Saved data entries:
=-=-=

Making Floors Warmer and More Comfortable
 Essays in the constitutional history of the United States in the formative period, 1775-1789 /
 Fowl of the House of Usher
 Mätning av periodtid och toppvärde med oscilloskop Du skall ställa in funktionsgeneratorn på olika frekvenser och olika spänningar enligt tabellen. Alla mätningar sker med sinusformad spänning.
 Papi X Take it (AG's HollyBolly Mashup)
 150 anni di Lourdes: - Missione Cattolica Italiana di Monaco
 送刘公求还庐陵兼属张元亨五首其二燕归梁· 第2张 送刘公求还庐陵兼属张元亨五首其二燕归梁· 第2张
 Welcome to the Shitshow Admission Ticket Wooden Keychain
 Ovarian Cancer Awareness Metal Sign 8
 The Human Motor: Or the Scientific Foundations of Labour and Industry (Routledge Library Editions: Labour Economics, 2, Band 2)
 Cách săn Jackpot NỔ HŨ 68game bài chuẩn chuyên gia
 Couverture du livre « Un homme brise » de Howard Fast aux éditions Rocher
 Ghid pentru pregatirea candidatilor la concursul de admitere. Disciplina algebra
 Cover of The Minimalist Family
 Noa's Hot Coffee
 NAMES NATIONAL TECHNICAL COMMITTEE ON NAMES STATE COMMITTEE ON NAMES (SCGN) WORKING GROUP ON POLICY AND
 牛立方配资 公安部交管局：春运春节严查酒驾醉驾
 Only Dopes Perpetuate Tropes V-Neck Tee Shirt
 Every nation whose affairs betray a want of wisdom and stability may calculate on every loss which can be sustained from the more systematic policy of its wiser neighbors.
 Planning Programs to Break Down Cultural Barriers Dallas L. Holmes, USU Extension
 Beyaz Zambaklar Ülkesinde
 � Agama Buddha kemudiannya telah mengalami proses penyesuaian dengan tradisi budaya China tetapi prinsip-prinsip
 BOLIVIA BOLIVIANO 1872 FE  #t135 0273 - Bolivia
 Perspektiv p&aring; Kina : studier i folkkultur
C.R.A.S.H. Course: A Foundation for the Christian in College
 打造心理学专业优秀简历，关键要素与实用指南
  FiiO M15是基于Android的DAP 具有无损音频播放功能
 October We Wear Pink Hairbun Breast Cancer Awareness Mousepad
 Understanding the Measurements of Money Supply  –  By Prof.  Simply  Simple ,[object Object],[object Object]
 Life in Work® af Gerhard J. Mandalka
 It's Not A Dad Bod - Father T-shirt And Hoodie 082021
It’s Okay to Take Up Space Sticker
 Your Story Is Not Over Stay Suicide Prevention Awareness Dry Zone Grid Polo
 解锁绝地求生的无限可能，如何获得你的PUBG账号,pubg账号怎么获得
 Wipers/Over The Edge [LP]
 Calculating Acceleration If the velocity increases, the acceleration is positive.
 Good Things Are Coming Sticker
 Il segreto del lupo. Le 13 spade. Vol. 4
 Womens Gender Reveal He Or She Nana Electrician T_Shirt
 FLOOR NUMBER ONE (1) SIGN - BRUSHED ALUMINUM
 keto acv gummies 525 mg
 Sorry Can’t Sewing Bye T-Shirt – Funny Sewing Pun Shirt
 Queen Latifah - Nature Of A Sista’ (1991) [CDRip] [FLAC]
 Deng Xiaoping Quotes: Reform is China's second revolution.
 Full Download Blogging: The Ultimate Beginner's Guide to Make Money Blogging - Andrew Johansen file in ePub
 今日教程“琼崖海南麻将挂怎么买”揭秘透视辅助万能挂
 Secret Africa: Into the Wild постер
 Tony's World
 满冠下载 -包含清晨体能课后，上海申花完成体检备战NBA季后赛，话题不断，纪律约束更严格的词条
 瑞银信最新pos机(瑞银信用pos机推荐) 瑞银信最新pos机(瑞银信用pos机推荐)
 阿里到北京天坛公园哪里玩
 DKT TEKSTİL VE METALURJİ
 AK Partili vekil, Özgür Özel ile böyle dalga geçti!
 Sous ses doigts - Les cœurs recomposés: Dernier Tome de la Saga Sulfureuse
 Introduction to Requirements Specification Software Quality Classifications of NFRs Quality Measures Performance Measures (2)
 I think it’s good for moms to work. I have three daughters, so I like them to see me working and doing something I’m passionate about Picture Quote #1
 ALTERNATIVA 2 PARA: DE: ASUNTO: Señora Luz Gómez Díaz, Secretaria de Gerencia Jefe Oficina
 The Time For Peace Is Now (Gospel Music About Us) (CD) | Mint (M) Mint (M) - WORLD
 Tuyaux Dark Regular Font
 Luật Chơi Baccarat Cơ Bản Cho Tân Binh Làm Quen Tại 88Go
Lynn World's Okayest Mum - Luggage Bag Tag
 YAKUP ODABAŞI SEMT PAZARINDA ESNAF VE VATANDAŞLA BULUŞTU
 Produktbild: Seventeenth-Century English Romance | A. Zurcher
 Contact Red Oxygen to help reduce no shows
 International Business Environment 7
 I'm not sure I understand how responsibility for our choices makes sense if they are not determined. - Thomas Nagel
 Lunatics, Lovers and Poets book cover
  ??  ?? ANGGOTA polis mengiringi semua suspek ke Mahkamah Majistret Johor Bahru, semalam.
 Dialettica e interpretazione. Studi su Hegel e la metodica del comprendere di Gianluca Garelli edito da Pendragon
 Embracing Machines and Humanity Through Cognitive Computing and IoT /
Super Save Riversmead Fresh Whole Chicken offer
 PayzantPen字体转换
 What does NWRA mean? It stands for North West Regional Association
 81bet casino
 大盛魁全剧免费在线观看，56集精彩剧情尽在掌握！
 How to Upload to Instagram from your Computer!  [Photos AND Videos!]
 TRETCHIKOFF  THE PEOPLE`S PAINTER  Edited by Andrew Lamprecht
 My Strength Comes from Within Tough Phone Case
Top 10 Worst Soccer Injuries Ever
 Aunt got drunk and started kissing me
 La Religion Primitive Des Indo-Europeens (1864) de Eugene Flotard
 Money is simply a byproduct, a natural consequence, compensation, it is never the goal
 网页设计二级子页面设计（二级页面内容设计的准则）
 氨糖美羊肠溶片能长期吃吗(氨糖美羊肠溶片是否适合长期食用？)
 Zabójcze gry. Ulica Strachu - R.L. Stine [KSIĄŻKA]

=-=-=

= What you will do =
Your job here is to copy the entries above exactly.

= Exercise response =
Making Floors Warmer and More Comfortable
 Essays in the constitutional history of the United States in the formative period, 1775-1789 /
 Fowl of the House of Usher
 Mätning av periodtid och toppvärde med oscilloskop Du skall ställa in funktionsgeneratorn på olika frekvenser och olika spänningar enligt tabellen. Alla mätningar sker med sinusformad spänning.
 Papi X Take it (AG's HollyBolly Mashup)
 150 anni di Lourdes: - Missione Cattolica Italiana di Monaco
 送刘公求还庐陵兼属张元亨五首其二燕归梁· 第2张 送刘公求还庐陵兼属张元亨五首其二燕归梁· 第2张
 Welcome to the Shitshow Admission Ticket Wooden Keychain
 Ovarian Cancer Awareness Metal Sign 8
 The Human Motor: Or the Scientific Foundations of Labour and Industry (Routledge Library Editions: Labour Economics, 2, Band 2)
 Cách săn Jackpot NỔ HŨ 68game bài chuẩn chuyên gia
 Couverture du livre « Un homme brise » de Howard Fast aux éditions Rocher
 Ghid pentru pregatirea candidatilor la concursul de admitere. Disciplina algebra
 Cover of The Minimalist Family
 Noa's Hot Coffee
 NAMES NATIONAL TECHNICAL COMMITTEE ON NAMES STATE COMMITTEE ON NAMES (SCGN) WORKING GROUP ON POLICY AND
 牛立方配资 公安部交管局：春运春节严查酒驾醉驾
 Only Dopes Perpetuate Tropes V-Neck Tee Shirt
 Every nation whose affairs betray a want of wisdom and stability may calculate on every loss which can be sustained from the more systematic policy of its wiser neighbors.
 Planning Programs to Break Down Cultural Barriers Dallas L. Holmes, USU Extension
 Beyaz Zambaklar Ülkesinde
 � Agama Buddha kemudiannya telah mengalami proses penyesuaian dengan tradisi budaya China tetapi prinsip-prinsip
 BOLIVIA BOLIVIANO 1872 FE  #t135 0273 - Bolivia
 Perspektiv p&aring; Kina : studier i folkkultur
C.R.A.S.H. Course: A Foundation for the Christian in College
 打造心理学专业优秀简历，关键要素与实用指南
  FiiO M15是基于Android的DAP 具有无损音频播放功能
 October We Wear Pink Hairbun Breast Cancer Awareness Mousepad
 Understanding the Measurements of Money Supply  –  By Prof.  Simply  Simple ,[object Object],[object Object]
 Life in Work® af Gerhard J. Mandalka
 It's Not A Dad Bod - Father T-shirt And Hoodie 082021
It’s Okay to Take Up Space Sticker
 Your Story Is Not Over Stay Suicide Prevention Awareness Dry Zone Grid Polo
 解锁绝地求生的无限可能，如何获得你的PUBG账号,pubg账号怎么获得
 Wipers/Over The Edge [LP]
 Calculating Acceleration If the velocity increases, the acceleration is positive.
 Good Things Are Coming Sticker
 Il segreto del lupo. Le 13 spade. Vol. 4
 Womens Gender Reveal He Or She Nana Electrician T_Shirt
 FLOOR NUMBER ONE (1) SIGN - BRUSHED ALUMINUM
 keto acv gummies 525 mg
 Sorry Can’t Sewing Bye T-Shirt – Funny Sewing Pun Shirt
 Queen Latifah - Nature Of A Sista’ (1991) [CDRip] [FLAC]
 Deng Xiaoping Quotes: Reform is China's second revolution.
 Full Download Blogging: The Ultimate Beginner's Guide to Make Money Blogging - Andrew Johansen file in ePub
 今日教程“琼崖海南麻将挂怎么买”揭秘透视辅助万能挂
 Secret Africa: Into the Wild постер
 Tony's World
 满冠下载 -包含清晨体能课后，上海申花完成体检备战NBA季后赛，话题不断，纪律约束更严格的词条
 瑞银信最新pos机(瑞银信用pos机推荐) 瑞银信最新pos机(瑞银信用pos机推荐)
 阿里到北京天坛公园哪里玩
 DKT TEKSTİL VE METALURJİ
 AK Partili vekil, Özgür Özel ile böyle dalga geçti!
 Sous ses doigts - Les cœurs recomposés: Dernier Tome de la Saga Sulfureuse
 Introduction to Requirements Specification Software Quality Classifications of NFRs Quality Measures Performance Measures (2)
 I think it’s good for moms to work. I have three daughters, so I like them to see me working and doing something I’m passionate about Picture Quote #1
 ALTERNATIVA 2 PARA: DE: ASUNTO: Señora Luz Gómez Díaz, Secretaria de Gerencia Jefe Oficina
 The Time For Peace Is Now (Gospel Music About Us) (CD) | Mint (M) Mint (M) - WORLD
 Tuyaux Dark Regular Font
 Luật Chơi Baccarat Cơ Bản Cho Tân Binh Làm Quen Tại 88Go
Lynn World's Okayest Mum - Luggage Bag Tag
 YAKUP ODABAŞI SEMT PAZARINDA ESNAF VE VATANDAŞLA BULUŞTU
 Produktbild: Seventeenth-Century English Romance | A. Zurcher
 Contact Red Oxygen to help reduce no shows
 International Business Environment 7
 I'm not sure I understand how responsibility for our choices makes sense if they are not determined. - Thomas Nagel
 Lunatics, Lovers and Poets book cover
  ??  ?? ANGGOTA polis mengiringi semua suspek ke Mahkamah Majistret Johor Bahru, semalam.
 Dialettica e interpretazione. Studi su Hegel e la metodica del comprendere di Gianluca Garelli edito da Pendragon
 Embracing Machines and Humanity Through Cognitive Computing and IoT /
Super Save Riversmead Fresh Whole Chicken offer
 PayzantPen字体转换
 What does NWRA mean? It stands for North West Regional Association
 81bet casino
 大盛魁全剧免费在线观看，56集精彩剧情尽在掌握！
 How to Upload to Instagram from your Computer!  [Photos AND Videos!]
 TRETCHIKOFF  THE PEOPLE`S PAINTER  Edited by Andrew Lamprecht
 My Strength Comes from Within Tough Phone Case
Top 10 Worst Soccer Injuries Ever
 Aunt got drunk and started kissing me
 La Religion Primitive Des Indo-Europeens (1864) de Eugene Flotard
 Money is simply a byproduct, a natural consequence, compensation, it is never the goal
 网页设计二级子页面设计（二级页面内容设计的准则）
 氨糖美羊肠溶片能长期吃吗(氨糖美羊肠溶片是否适合长期食用？)
 Zabójcze gry. Ulica Strachu - R.L. Stine [KSIĄŻKA]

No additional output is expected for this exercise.